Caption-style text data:
Start of Block

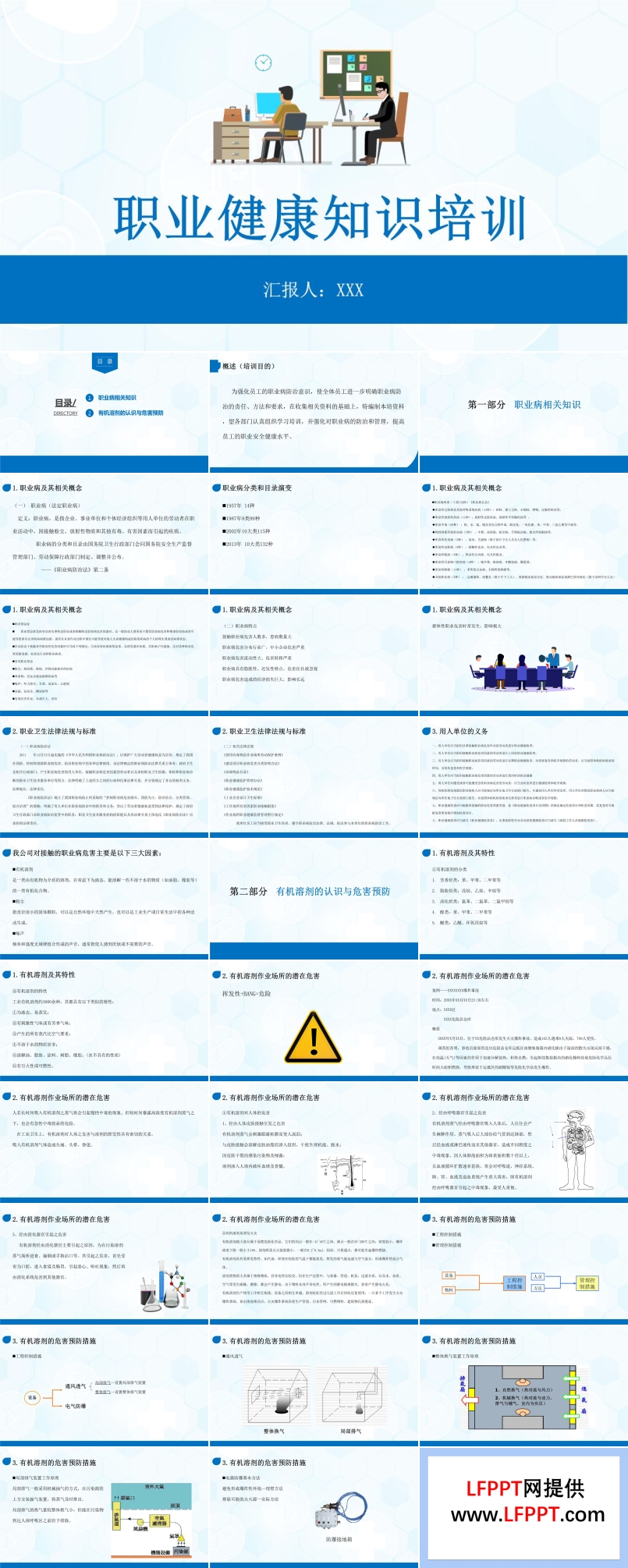 職業(yè)健康知識培訓(xùn)PPT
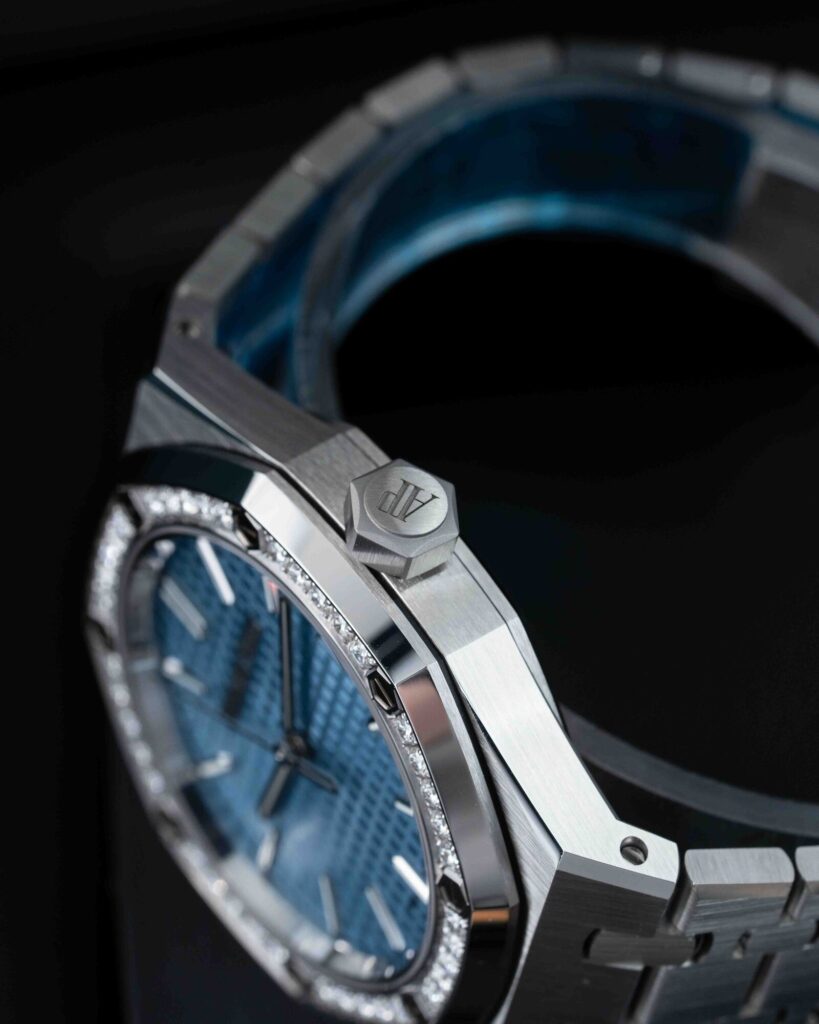 Audemars Piguet Royal Oak 15551ST.ZZ.1356ST.04 2025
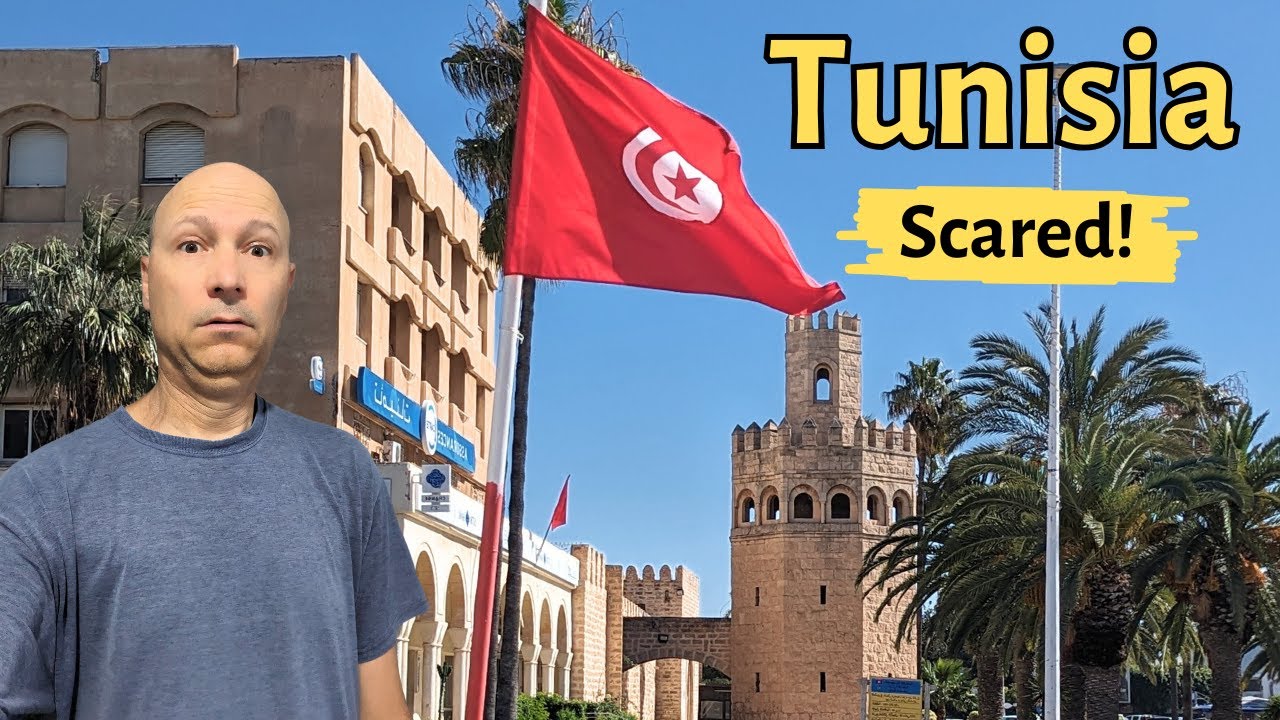 Why We Were Afraid To Go To Monastir in Tunisia
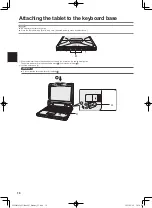 Preview for 16 page of Panasonic CF-33 series Operating Instructions Manual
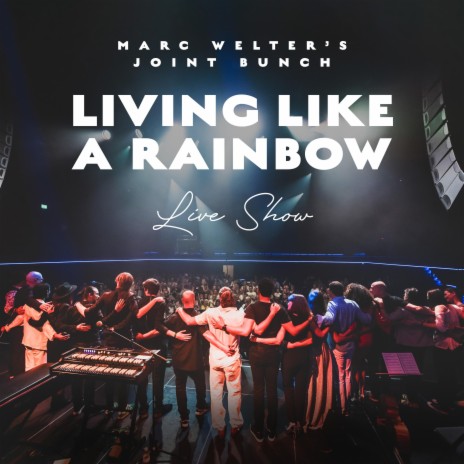 Rockaholic (LIVE Version) ft. Laurent Pierre, Cédric Gilis, Ernie Hammes & Nadja Prange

End of Block

**Exercise goal:**
Return all of the lines above without alteration, minus the pictures.

**Expected answer:**
 職業(yè)健康知識培訓(xùn)PPT
 Audemars Piguet Royal Oak 15551ST.ZZ.1356ST.04 2025
 Why We Were Afraid To Go To Monastir in Tunisia
 Preview for 16 page of Panasonic CF-33 series Operating Instructions Manual
 Rockaholic (LIVE Version) ft. Laurent Pierre, Cédric Gilis, Ernie Hammes & Nadja Prange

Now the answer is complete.